> _Record excerpts_:
*** Begin section ***

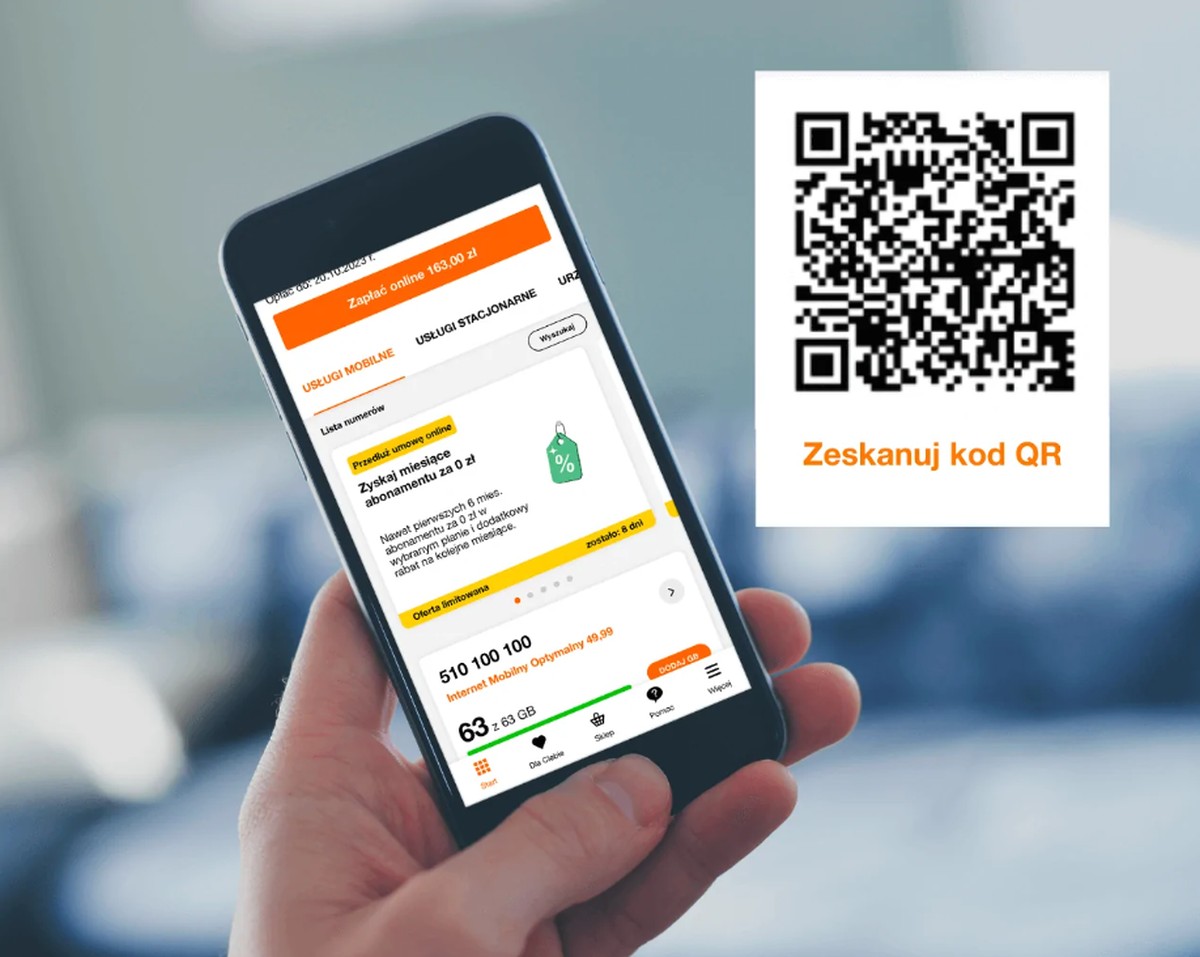 Orange sypie gigabajtami za darmo. Jest nowy bonus z okazji środy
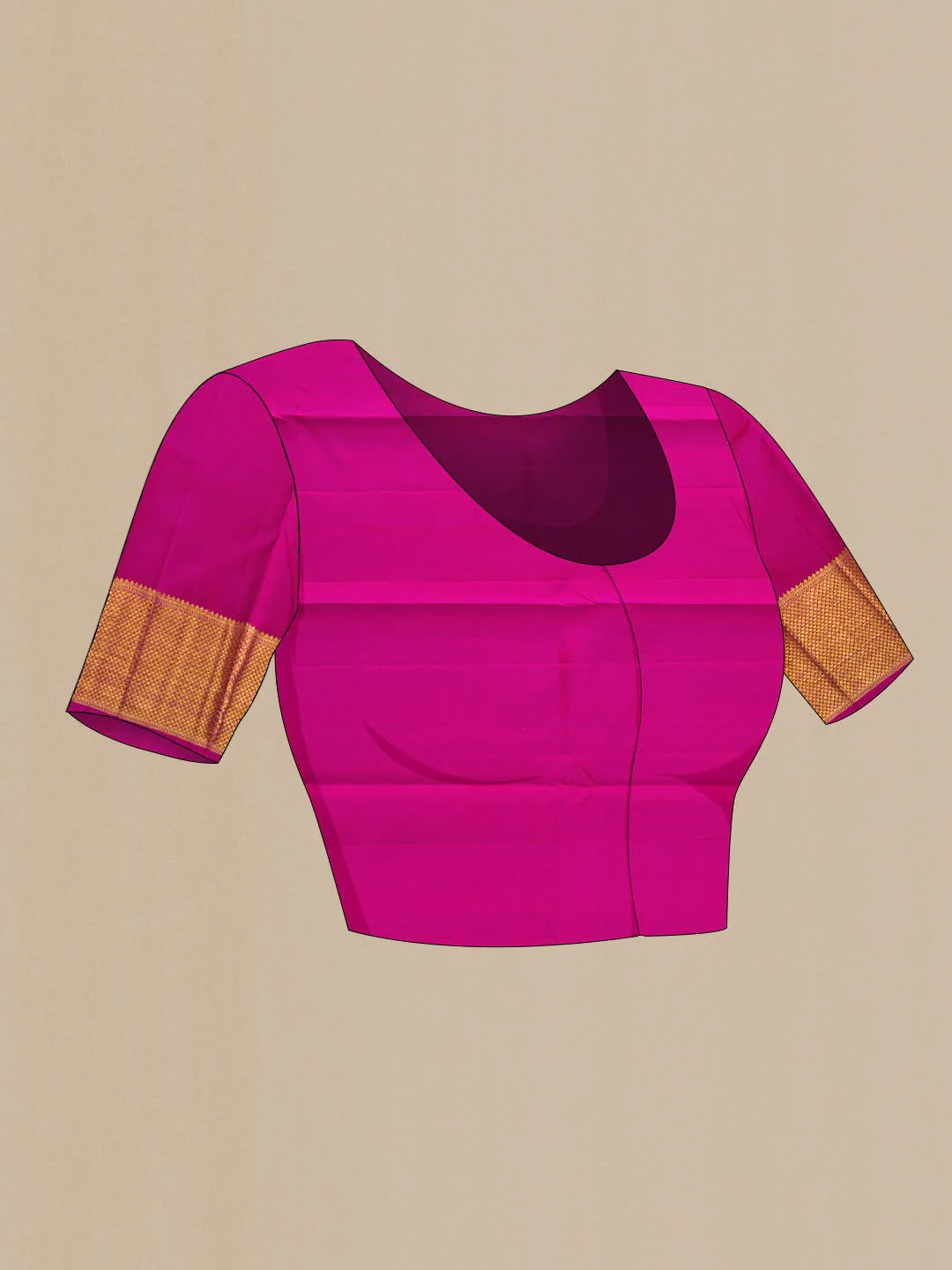 Magenta Kanchipuram Silk Saree - Image 7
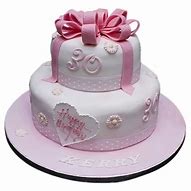 Image result for 2 Tier Mother Birthday Cake
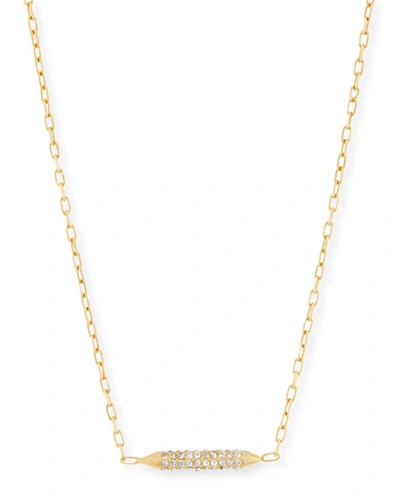 Cyn Mio Crystal Bar Stud Necklace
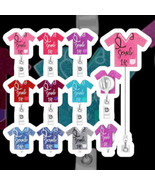 Scrub Life Glitter Badge Reel – Retractable ID Holder for Nurses &amp; Medic... - $145.66 MXN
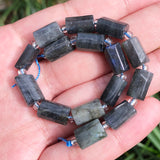 Labradorite Stone Beads for DIY Jewelry Making 7.5inch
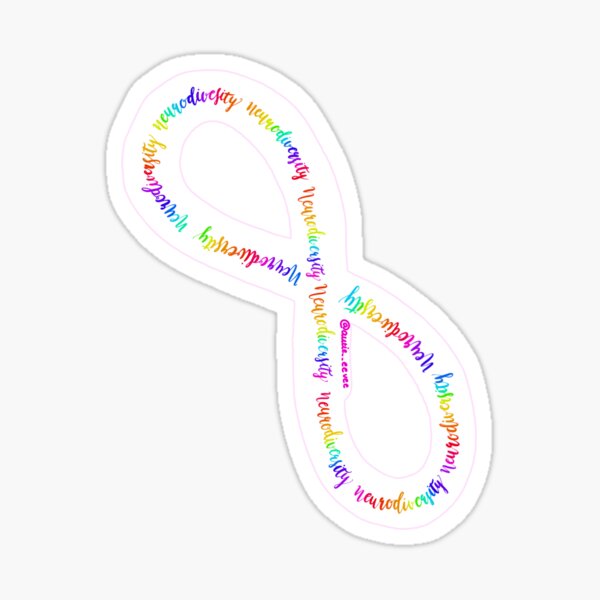 Rainbow Neurodiversity Infinity Symbol Sticker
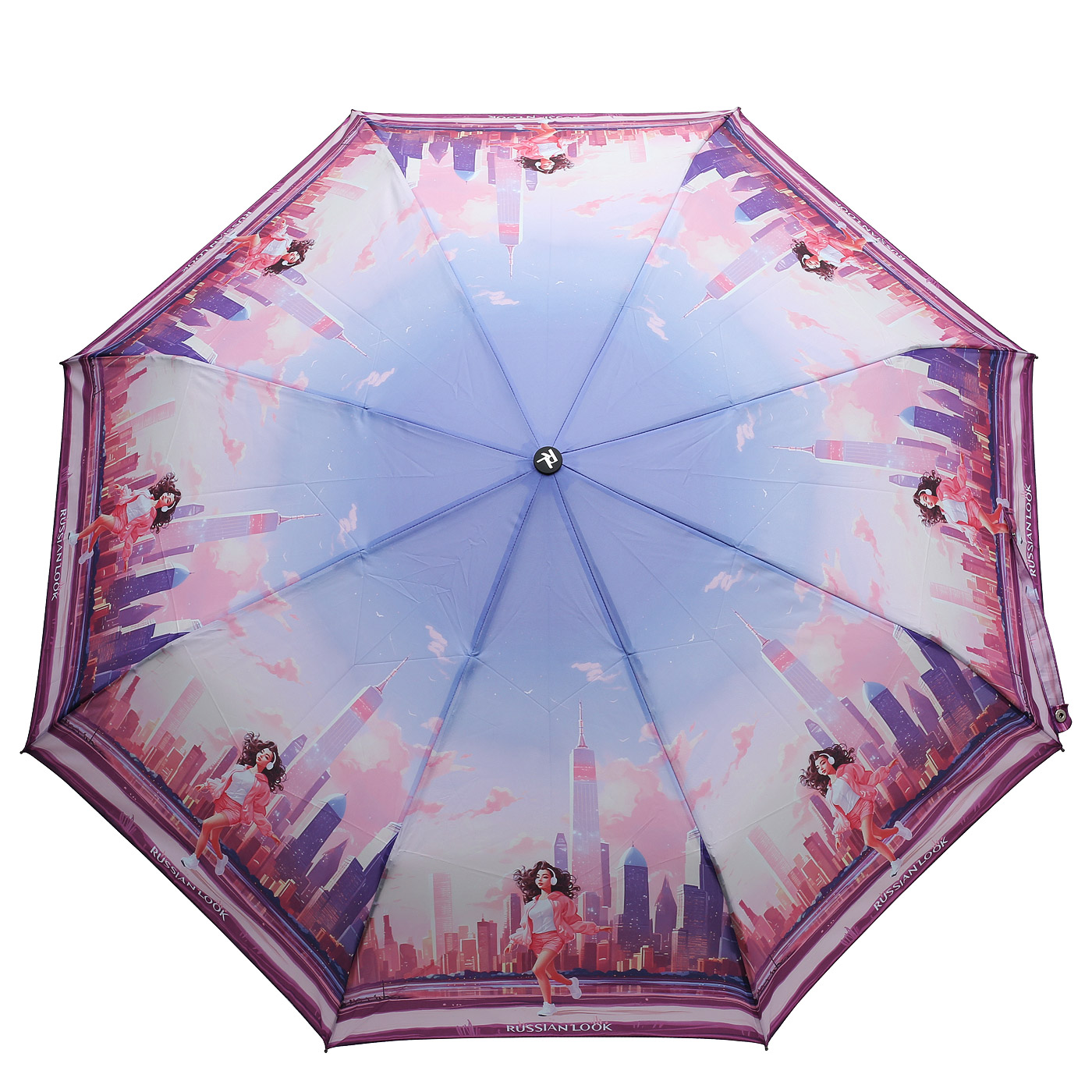 Зонт-полный автомат Russian Look 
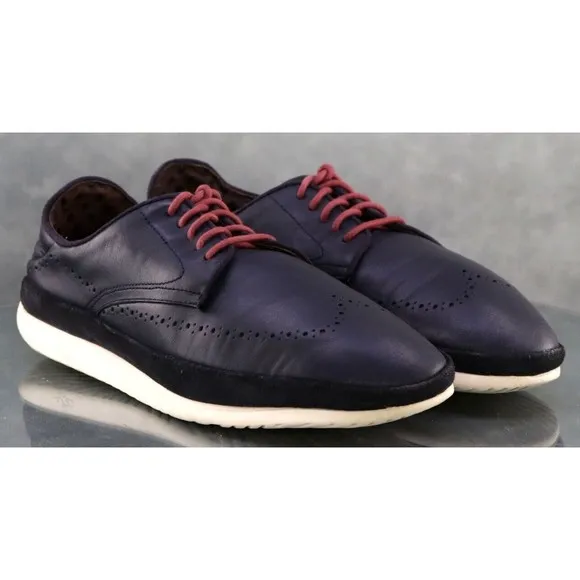UGG Eneg Cali Men's Wingtip Derby Dress Shoes Size 12 Leather Blue 1090413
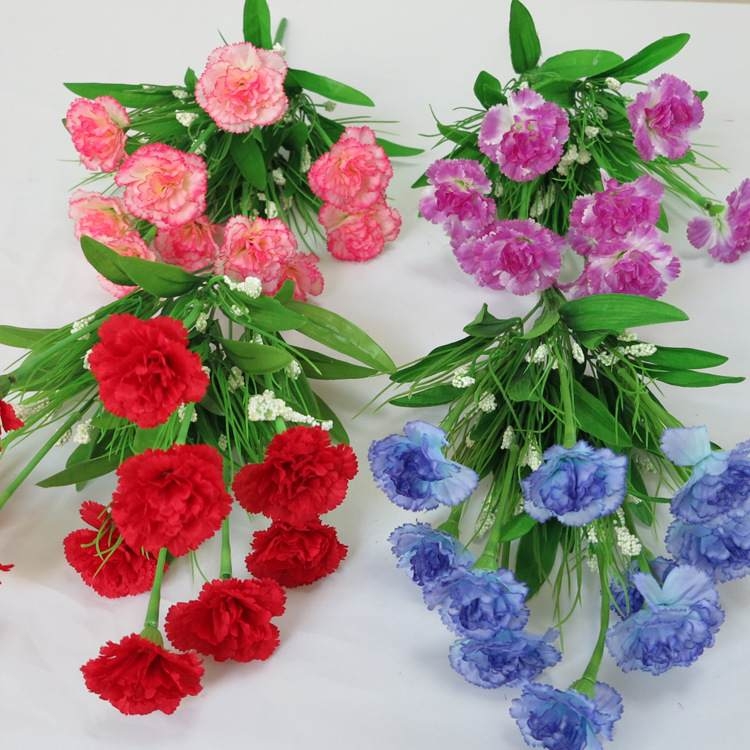 Artificial carnation spray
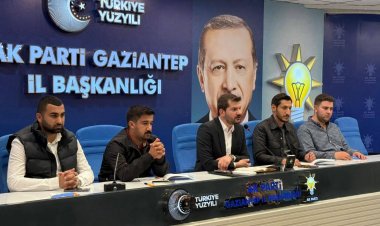 AK Parti Gaziantep Gençlik Kolları Haftalık Yönetim Kurulu Toplantısı Gerçekleştirildi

*** End section ***

> _Work task_:
Please output every entry exactly as written, apart from the pictures.

> _Final answer_:
 Orange sypie gigabajtami za darmo. Jest nowy bonus z okazji środy
 Magenta Kanchipuram Silk Saree - Image 7
 Image result for 2 Tier Mother Birthday Cake
 Cyn Mio Crystal Bar Stud Necklace
 Scrub Life Glitter Badge Reel – Retractable ID Holder for Nurses &amp; Medic... - $145.66 MXN
 Labradorite Stone Beads for DIY Jewelry Making 7.5inch
 Rainbow Neurodiversity Infinity Symbol Sticker
 Зонт-полный автомат Russian Look 
UGG Eneg Cali Men's Wingtip Derby Dress Shoes Size 12 Leather Blue 1090413
 Artificial carnation spray
 AK Parti Gaziantep Gençlik Kolları Haftalık Yönetim Kurulu Toplantısı Gerçekleştirildi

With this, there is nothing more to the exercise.